MLOps: GitLab-MLflow Integration

MLOps: GitLab-MLflow Integration
Authors:

In Machine Learning projects, it is common to generate multiple versions of the same model, ranging from simple changes in hyperparameters to modifications in the structure or architecture of the model, and even the use of different training datasets. All of this can result in a high number of executions that must be properly managed.

Proper organization of the different models, along with their metrics and configurations, is essential for evaluating which one offers the best performance and should be used, as well as for facilitating its management throughout the entire model lifecycle.

This type of management is part of the MLOps (Machine Learning Operations) paradigm, which incorporates best practices for reliably implementing and maintaining machine learning models in production. It ensures a comprehensible history of all applied models, indicating the meta-arguments used and the results of the validation tests.

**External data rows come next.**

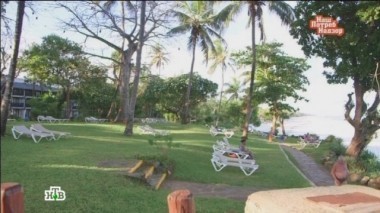 Выпуск от 6 декабря 2015 года 06.12.2015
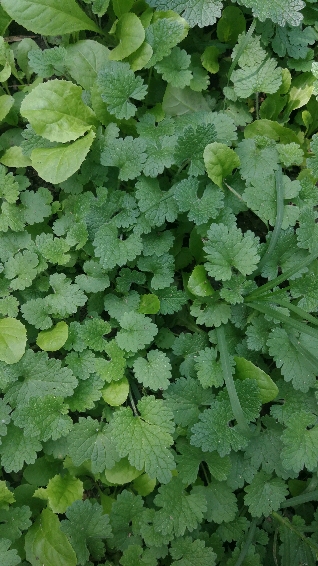 活血丹,也叫十八缺,因为叶子边缘的锯齿正好十八个-度小视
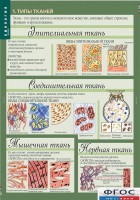 Комплект таблиц. Биология 8-9 класс. Человек. - fgospostavki.ru - Первоуральск
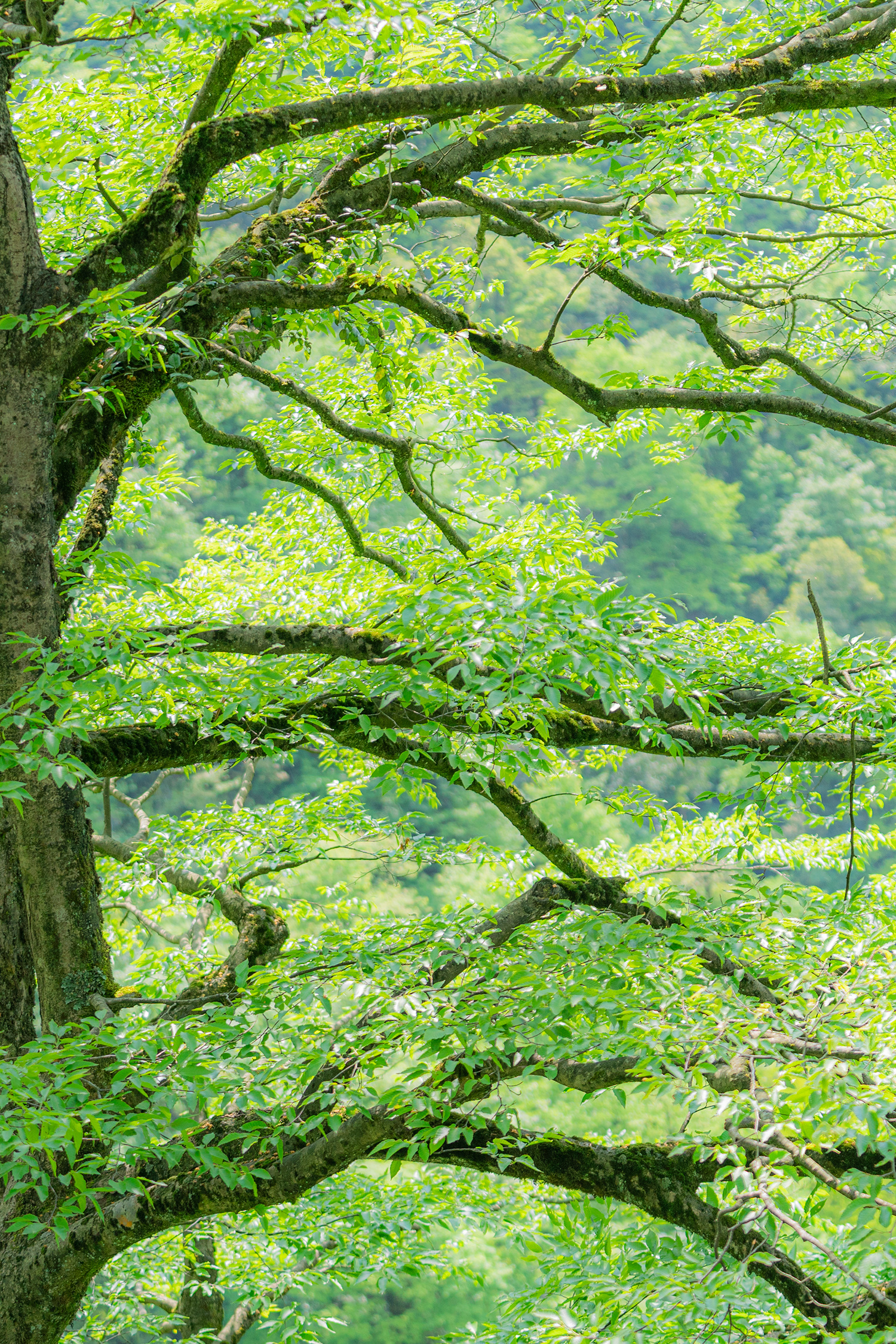 自然# #风景# #花草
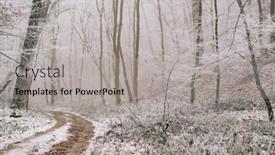  Presentation with winter forest - 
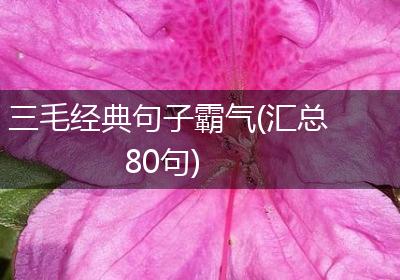 三毛经典句子霸气(汇总80句)
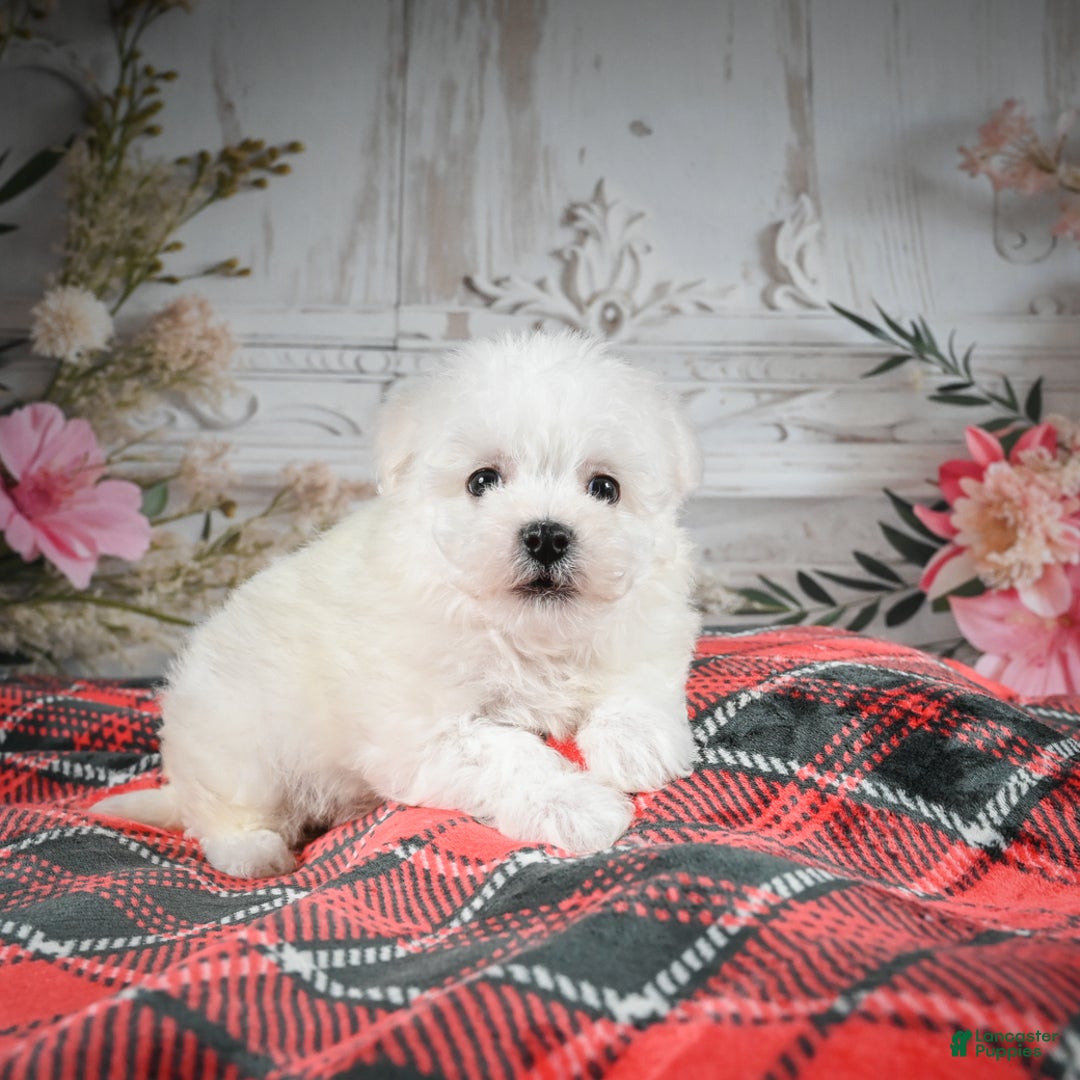 Bichon Frise dogs for sale: Meverick - Ad 7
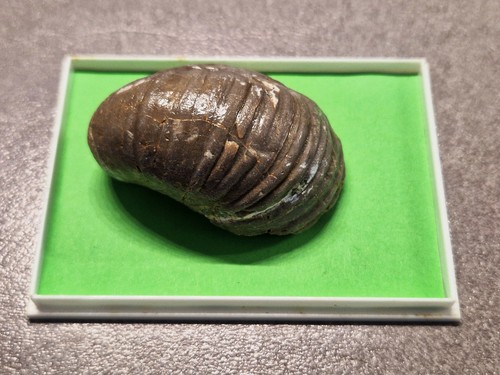 Fossil gryphea arcuata - gryphea,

This article explores GitLab’s integration functionality with MLflow to optimize the development and deployment process of machine learning models.

MLflow[1]

MLflow is an open-source platform designed to support teams and professionals working on machine learning projects. It focuses on the model lifecycle, ensuring traceability and reproducibility at every stage. MLflow is organized into four distinct components, which can be used individually or together:

  • MLflow Tracking: An API that allows tracking parameters, code, and results from ML experiments. It also offers an interactive web interface to compare runs.
  • MLflow Projects: A convention for organizing and describing code in a way that makes it reusable by teammates or automated tools.
  • MLflow Models: A standard format for packaging machine learning models, facilitating their reuse and deployment across different environments.
  • MLflow Model Registry: Acts as a model store, maintaining traceability of models along with their parameters.

GitLab Integration with MLflow

Recently, GitLab, a well-known platform offering powerful collaboration and version control tools, has added support for MLflow, allowing it to be used as a backend. Similar to code, it enables the publishing of models and their associated metadata directly in the GitLab registry. Furthermore, model results can be transparently reviewed directly from GitLab’s web interface.

The integration is carried out using GitLab’s Model Registry[2] and Model Experiment Tracking[3] components, which are fully compatible with the MLflow Tracking API, and can be used in code via the MLflow Client[4].

The following diagram illustrates how GitLab integrates with the MLflow Tracking component: code registers parameters, metrics, and artifacts (such as the model itself) via the MLflow API, and these are stored in GitLab, accessible and visible to the entire team. Experiment metrics and metadata are saved in GitLab’s database, while artifacts—being large files and objects—are stored in GitLab’s Package Registry.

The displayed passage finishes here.